→ **WHAT THE EXERCISE ASKS**
In the records that follow, find the line containing "Ride On Excavator" and the line containing "SALOMON Scarponi da", then transcribe both and every line between them exactly, omitting pictures.

***** INPUT FOR THIS TASK *****

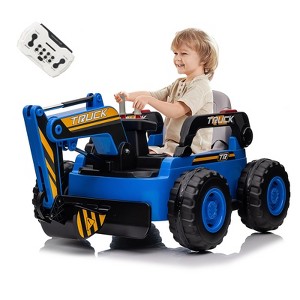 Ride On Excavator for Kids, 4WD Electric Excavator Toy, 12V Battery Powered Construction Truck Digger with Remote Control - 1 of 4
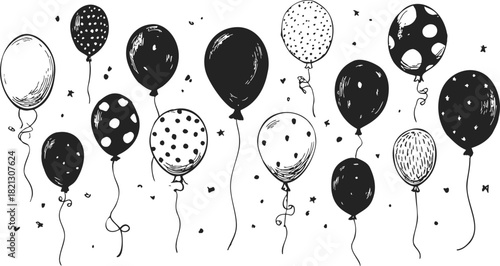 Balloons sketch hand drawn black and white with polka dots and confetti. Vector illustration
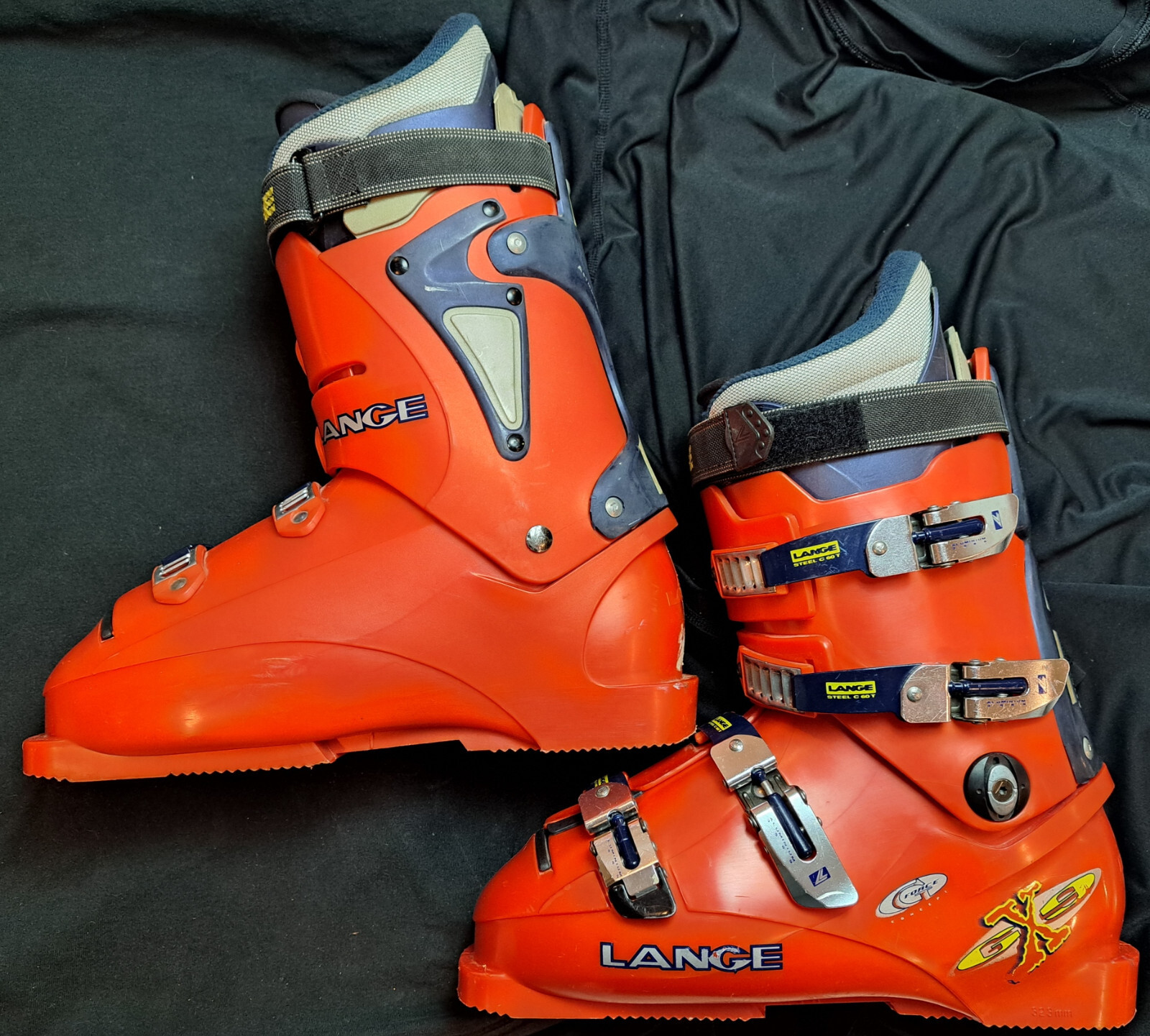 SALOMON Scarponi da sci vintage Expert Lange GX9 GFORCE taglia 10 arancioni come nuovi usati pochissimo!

*****
***** INPUT FOR THIS TASK *****

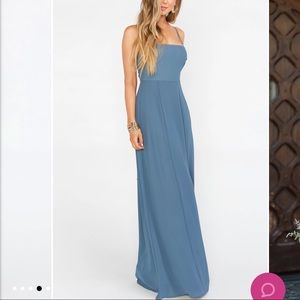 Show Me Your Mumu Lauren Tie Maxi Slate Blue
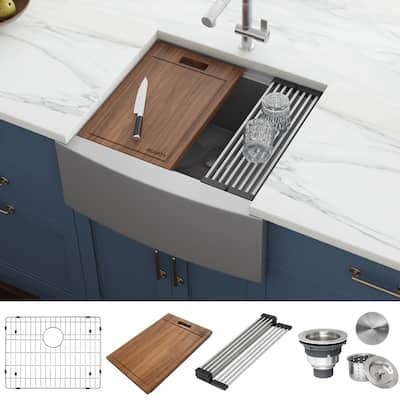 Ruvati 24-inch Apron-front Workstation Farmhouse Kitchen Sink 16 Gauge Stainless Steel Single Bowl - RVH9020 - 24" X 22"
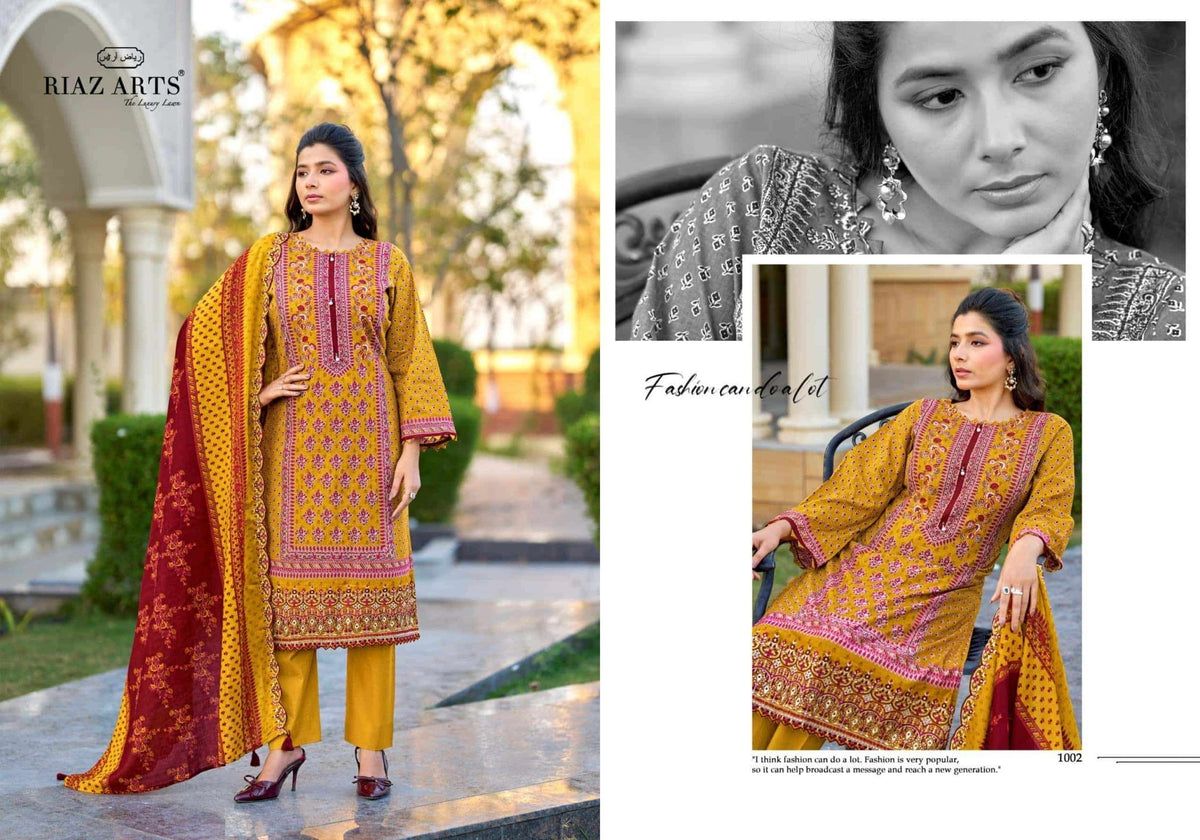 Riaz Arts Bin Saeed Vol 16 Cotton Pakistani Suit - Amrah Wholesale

*****
***** INPUT FOR THIS TASK *****

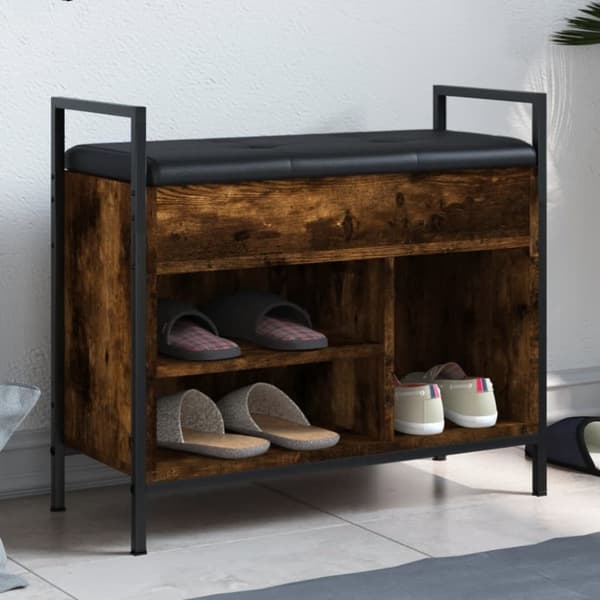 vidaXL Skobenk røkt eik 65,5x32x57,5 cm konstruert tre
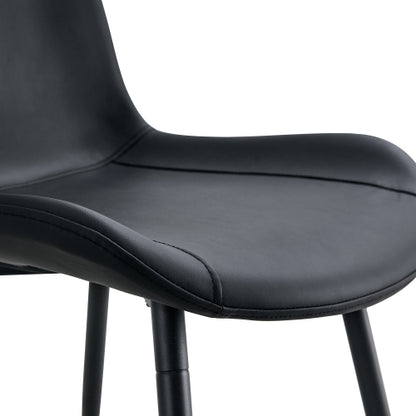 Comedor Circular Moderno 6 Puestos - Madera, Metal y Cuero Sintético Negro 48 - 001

*****

→ **EXERCISE OUTPUT**
 Ride On Excavator for Kids, 4WD Electric Excavator Toy, 12V Battery Powered Construction Truck Digger with Remote Control - 1 of 4
 Balloons sketch hand drawn black and white with polka dots and confetti. Vector illustration
 SALOMON Scarponi da sci vintage Expert Lange GX9 GFORCE taglia 10 arancioni come nuovi usati pochissimo!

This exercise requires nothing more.